Matthew 28.18-20: The Great Instruction

This week, we focus on the fifth portion of our six-part series from some of Jesus’ final words before leaving the earth. His words were meant to teach, motivate, and encourage His disciples as He turned the work of saving the world over to them. As His followers today, we are responsible to these words of our Savior.

“All authority in heaven and on earth has been given to me. Go therefore and make disciples of all nations, baptizing them in the name of the Father and of the Son and of the Holy Spirit, teaching them to observe all that I have commanded you. And behold, I am with you always, to the end of the age.”

Now we’ll notice Jesus’ clause, “teaching them to observe all that I have commanded you.” After bringing people to Christ and baptizing them for the remission of their sins, we have the responsibility (and opportunity) to teach them more about the love of God and how to please Him. The disciples had been trained and taught about the new covenant God was issuing through Christ; it’s those things Christ had relayed to them that they were to relay to new disciples. Today, we are to teach what Christ taught; we are also to teach what those apostles and disciples relayed to first century Christians.

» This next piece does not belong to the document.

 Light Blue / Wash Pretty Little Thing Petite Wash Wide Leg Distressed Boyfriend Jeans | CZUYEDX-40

When we view this command to continually teach about Jesus and His commands, we must ask ourselves “how are we doing in our teaching?” As we pose that question together this morning, let’s ask and answer that question in two specific areas:

How is the teaching in our homes? The context of our passage shows that whoever “makes a disciple” is generally responsible for “teaching them.” This makes pretty common sense from the church perspective. However, do we ever read this portion of the passage and think about our homes? If parents have been responsible for bringing their children to Christ (or are preparing for and praying for that decision), wouldn’t it be in keeping with Christ’s command that they should be teaching them as well? That’s the idea that is emphasized continually in scripture. Back in Deuteronomy, Moses said, “And these words that I command you today shall be on your heart. You shall teach them diligently to your children, and shall talk of them when you sit in your house…” (6:6-9). Paul echoes those words in Ephesians 6:4, “Fathers…bring [your children] up in the discipline and instruction of the Lord.” The main source for teaching children the ways of the Lord is the home. If we were to compare the amount of time spent in the home on schoolwork and studying the Bible, which would have greater emphasis? Are grades important? Absolutely. But so is learning the Bible throughout one’s childhood. May our homes not skirt that responsibility.

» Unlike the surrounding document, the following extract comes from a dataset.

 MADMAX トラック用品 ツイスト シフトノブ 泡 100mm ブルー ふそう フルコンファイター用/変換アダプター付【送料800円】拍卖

How is the teaching in our Bible classes? Many elders throughout the church have set aside periods of time for their congregations to meet for the specific purpose of studying the Bible. We should take this seriously as it is a response to our elders’ authority and because we are studying the holy words of God. Paul told Titus in Titus 2 that the older men and older women of the church were responsible for teaching and encouraging the younger men and younger women of the church. Doesn’t that sound a lot like the purpose of our Bible classes today? How seriously do we take our Bible classes, though?

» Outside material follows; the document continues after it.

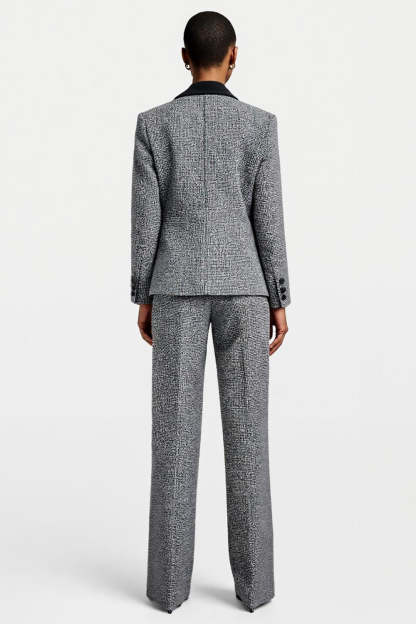 Grey Tweed Notched Lapel 2 Piece Long Sleeves Women Business Suits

We show how much we value Bible class by our simple attendance. We show how much we value Bible class by our timeliness. What does it say about our devotion if we’re consistently late? Adults, we show how much we value Bible class by our examples. It’s no wonder that some young people don’t respect their Bible class teachers and classmates (and God) when their parents either (1) don’t come to Bible class at all, or (2) are at the building but don’t actually attend a class. As adults, we are helping to form the current generation of young people’s perceptions of the Bible and Bible class. How are we doing?